THE TASK: Under this line is a listing; return exactly the lines starting at the one with "Lacoste шапка от памучна материя бяла RB9885" and running down to the one with "Evansley Sofa, Loveseat, Chair", and leave out its pictures.

————

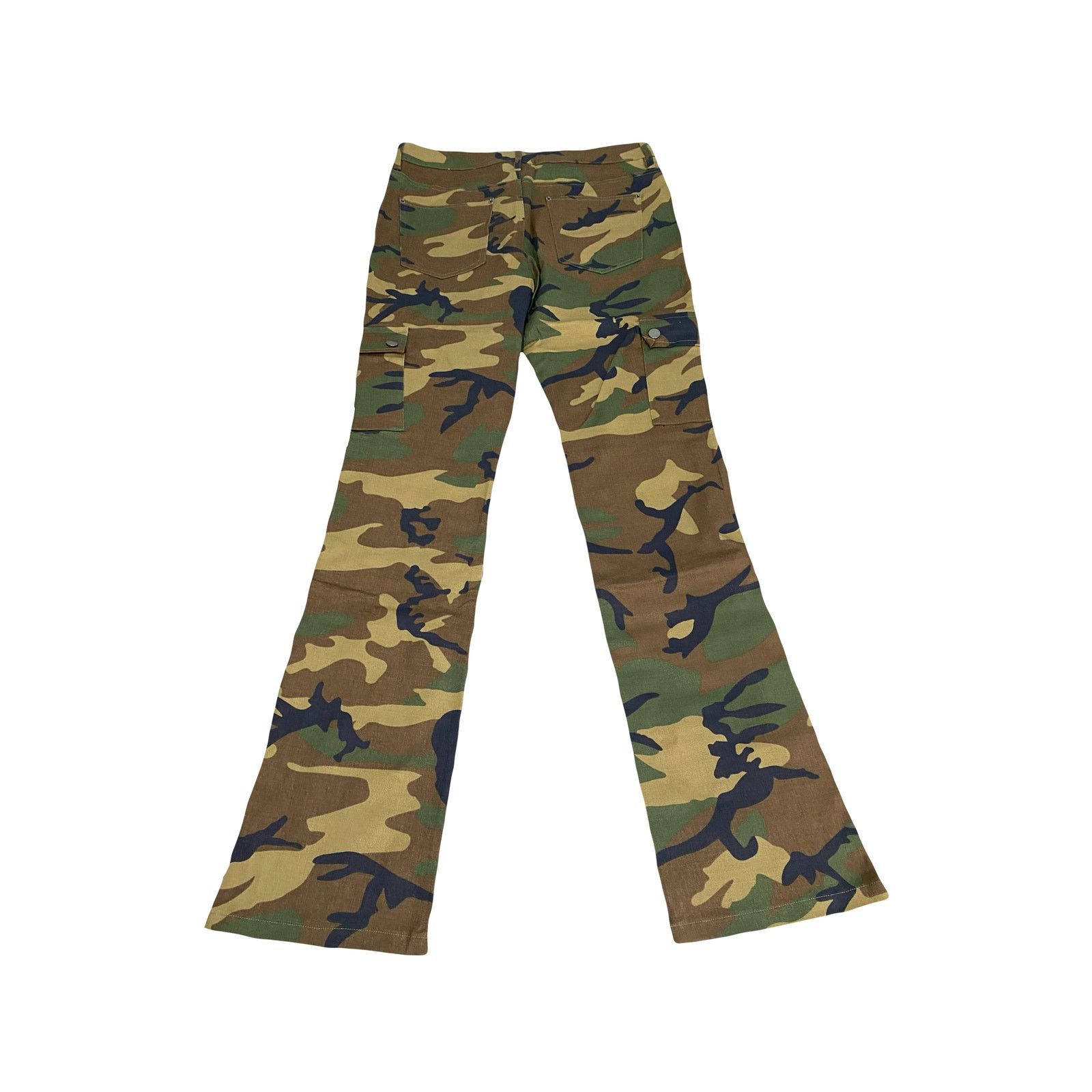 Other Camo Utility Cargo Flared Pants - NWT, Size 32, Essential Size US 32 / EU 48 - 2 Thumbnail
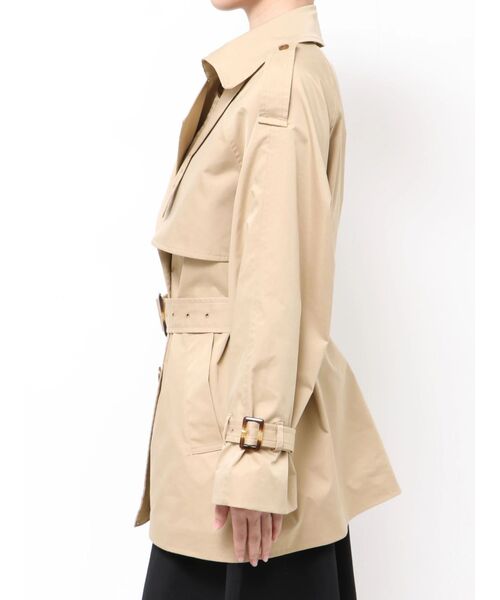 TONAL(トーナル)の「【LIMONTA】トレンチミディコート(トレンチコート・レディース・ベージュ/ネイビー/アイボリー・SMALL/MEDIUM)」の7枚目の写真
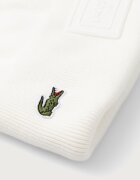 Lacoste шапка от памучна материя бяла RB9885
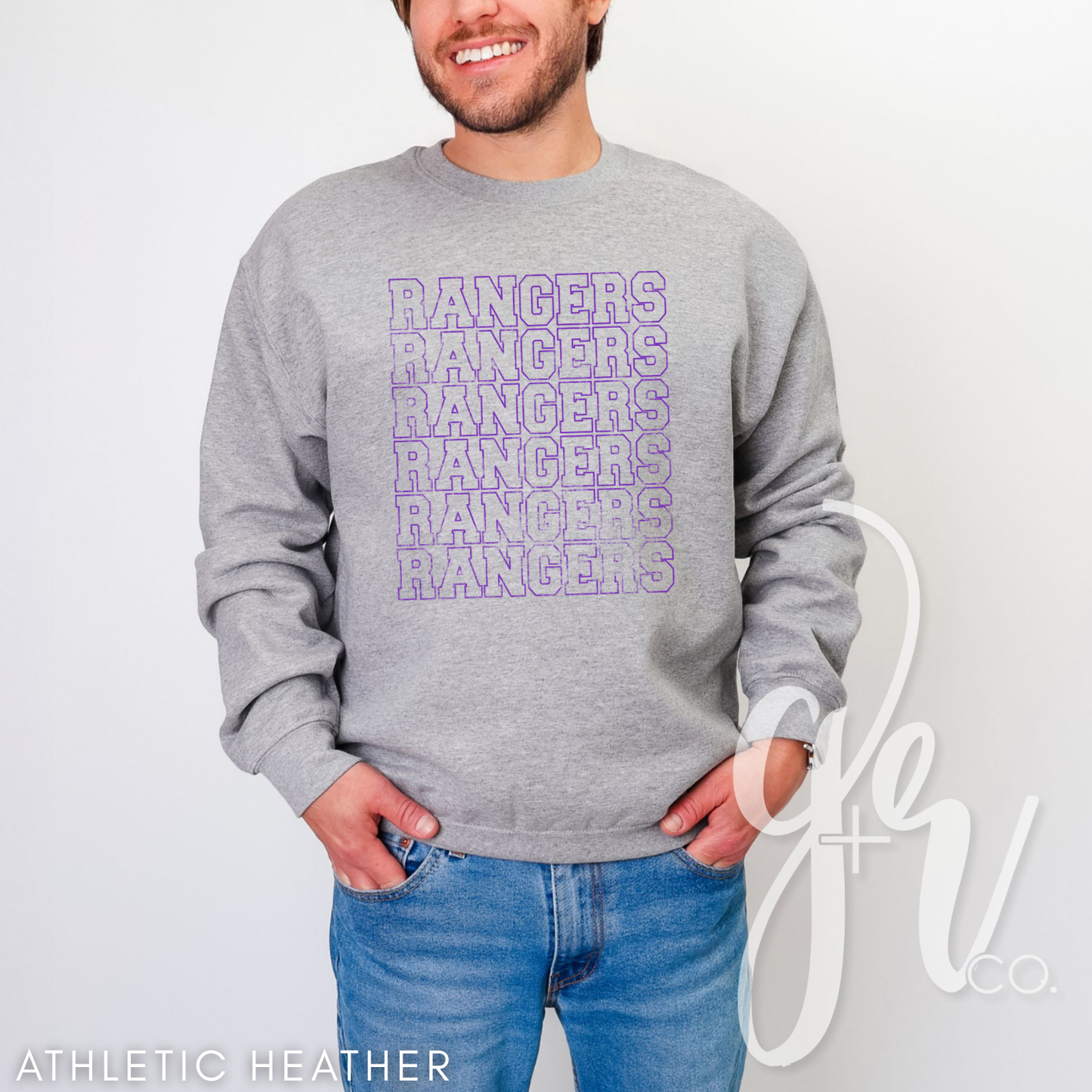 Varsity Rangers (Tees+Sweatshirts)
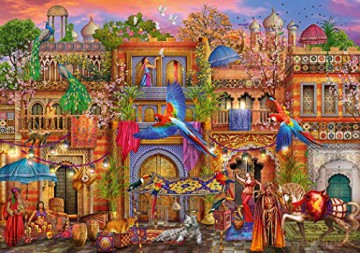 BLUEBIRD PUZZLE 1000 el. Arabska ulica Ciro Marchetti [PUZZLE]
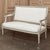 Late 19th Century 19th Century French Louis XVI Painted Canapé ~ Settee For Sale - Image 5 of 18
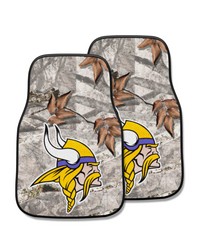 Minnesota Vikings Camo Front Carpet Car Mat Set  2 Pieces Camo by   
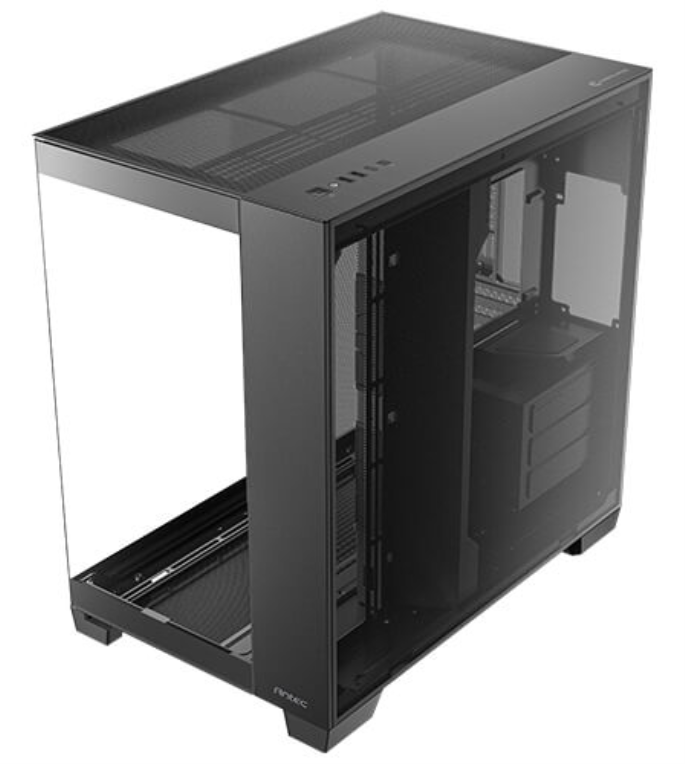 CAJA ANTEC C8 ATX 2XUSB3.0 /1XUSBC SIN FUENTE NEGRO - detalle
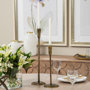 69068 - Levit (Small) Gold Table Candle Holder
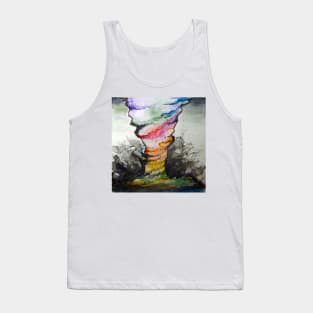 Whirlwind Color Tornado Tank Top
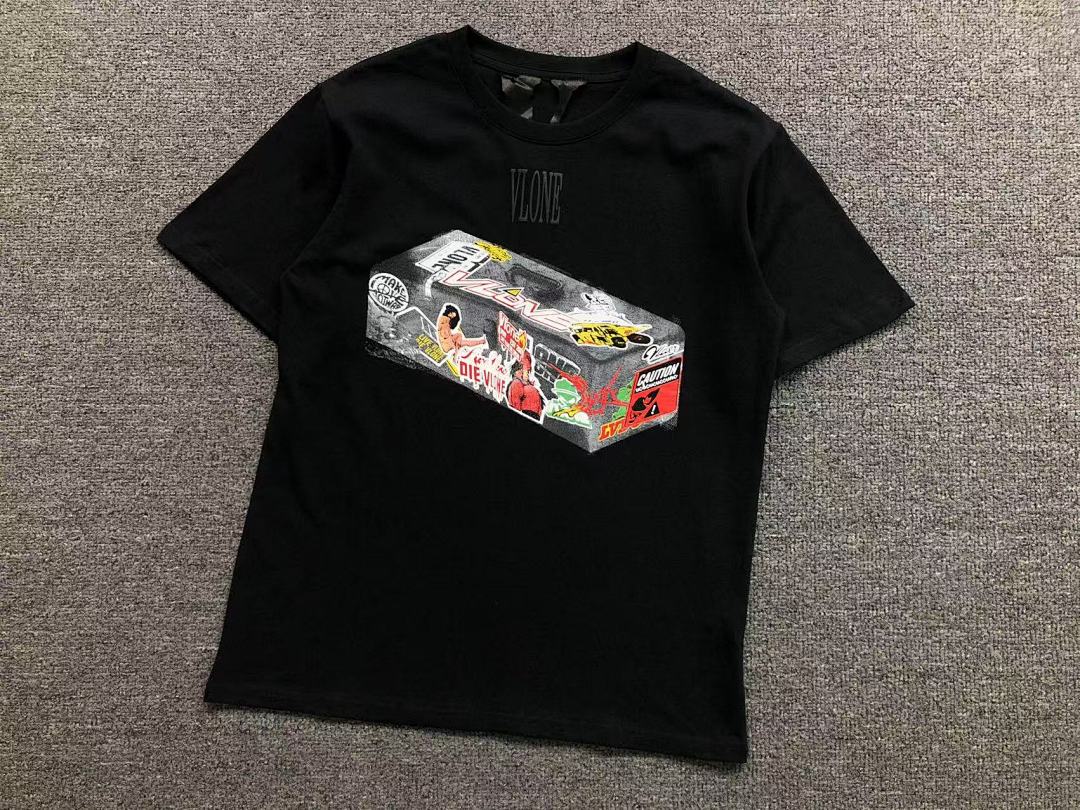 On Running 75 VLONE T-SHIRT 504145791 (Im 170Cm 60Kg I Wear Size S In The Phot) - Image 16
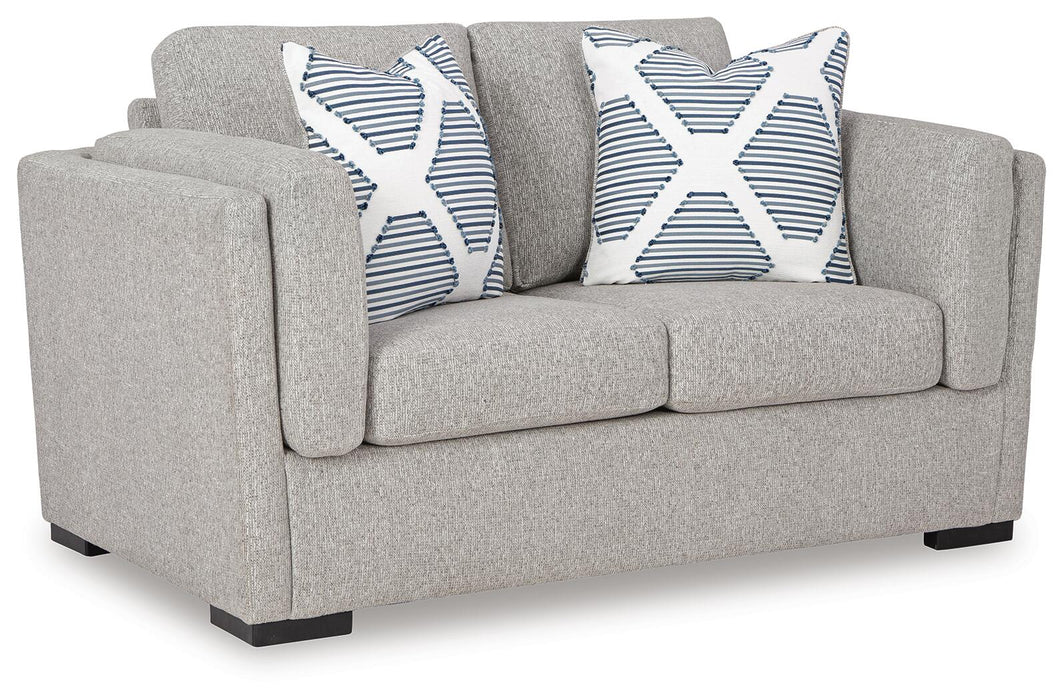Evansley Sofa, Loveseat, Chair and Ottoman - alternate view 9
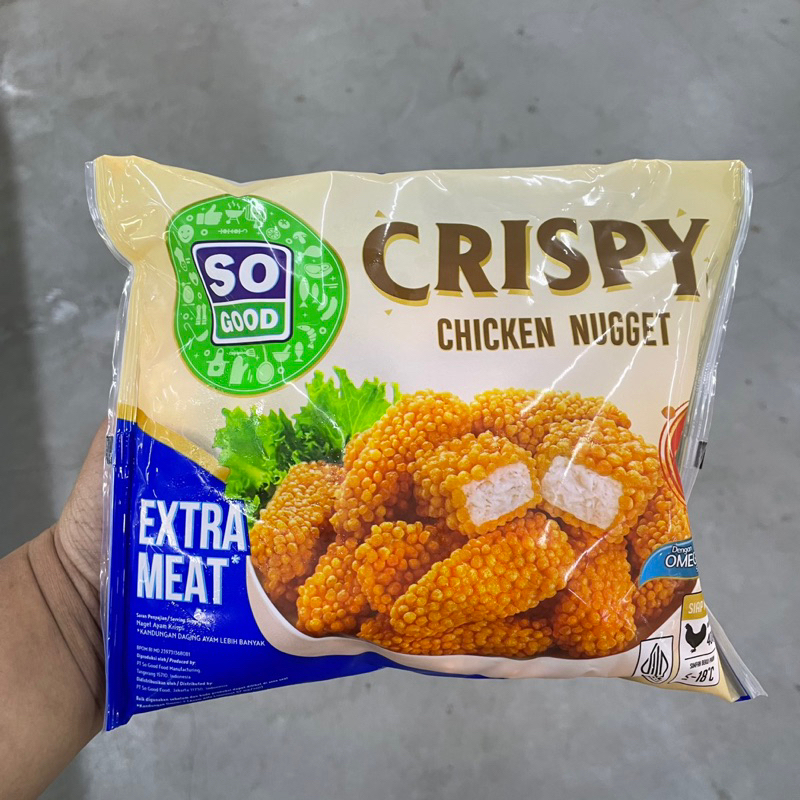 

So Good Chicken Nugget Crispy 400gr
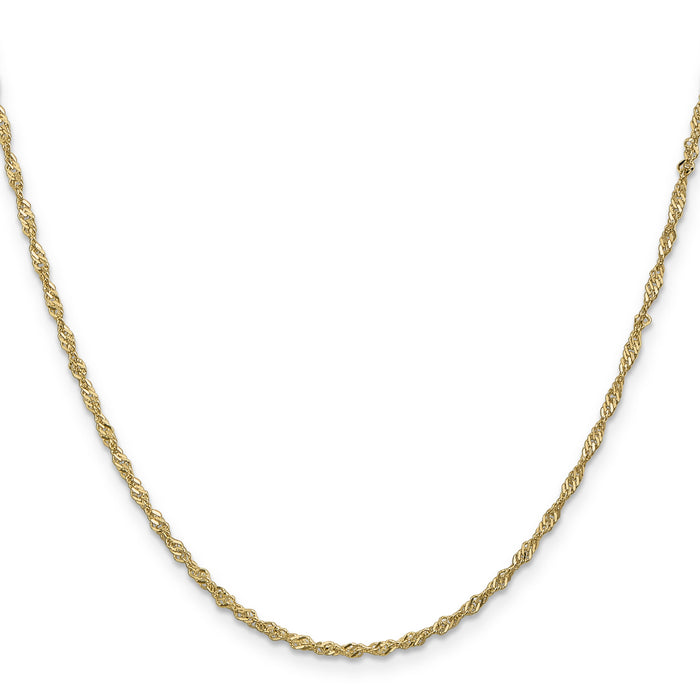 14k 1.70mm Singapore Chain-PEN10-16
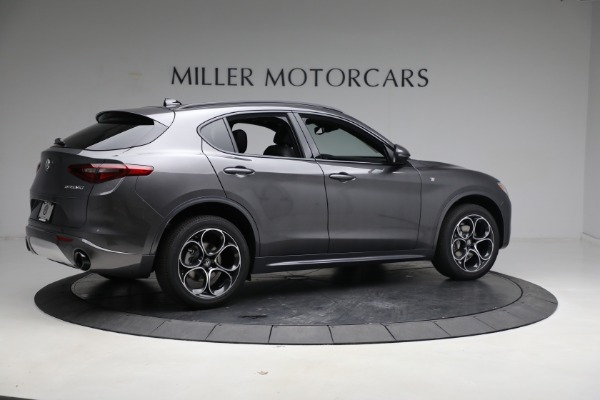 New 2023 Alfa Romeo Stelvio Ti for sale Sold at Alfa Romeo of Greenwich in Greenwich CT 06830 8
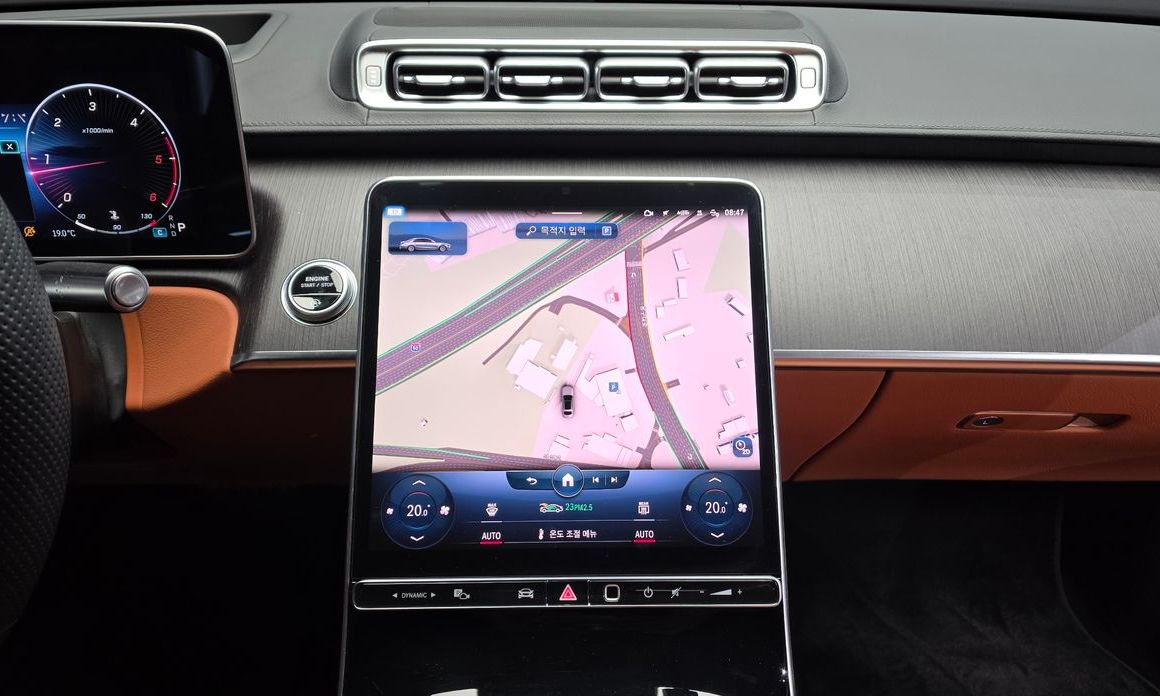 Mercedes-Benz S-Class 2022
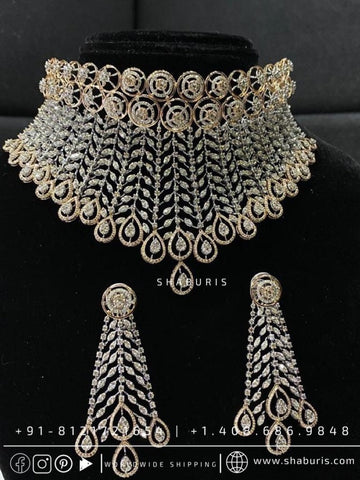 Wedding on sale reception necklace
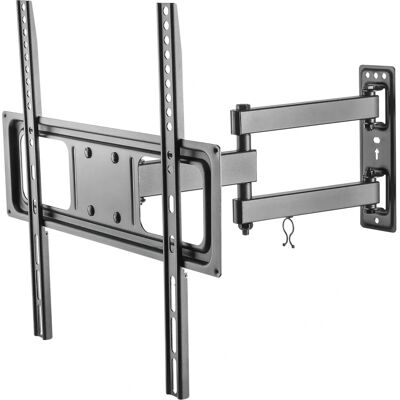 Deltaco ARM-1200 TV Seinäkiinnike - Täysin liikkuva 32-55" TV:ille - Musta Deltaco ARM-1200 TV Seinäkiinnike - Täysin liikkuva 32-55" TV:ille - Musta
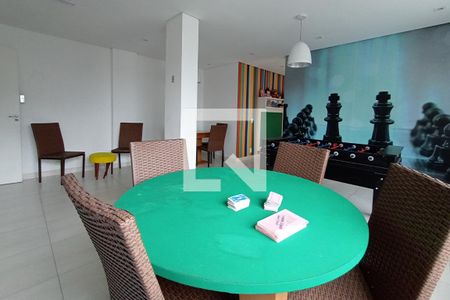 Apartamento para alugar com 49m², 2 quartos e 1 vagaÁrea comum - Salão de Jogos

————

RESPONSE AREA:
 Lacoste шапка от памучна материя бяла RB9885
 Varsity Rangers (Tees+Sweatshirts)
 BLUEBIRD PUZZLE 1000 el. Arabska ulica Ciro Marchetti [PUZZLE]
 Late 19th Century 19th Century French Louis XVI Painted Canapé ~ Settee For Sale - Image 5 of 18
 Minnesota Vikings Camo Front Carpet Car Mat Set  2 Pieces Camo by   
 CAJA ANTEC C8 ATX 2XUSB3.0 /1XUSBC SIN FUENTE NEGRO - detalle
 69068 - Levit (Small) Gold Table Candle Holder
 Whirlwind Color Tornado Tank Top
 On Running 75 VLONE T-SHIRT 504145791 (Im 170Cm 60Kg I Wear Size S In The Phot) - Image 16
Evansley Sofa, Loveseat, Chair and Ottoman - alternate view 9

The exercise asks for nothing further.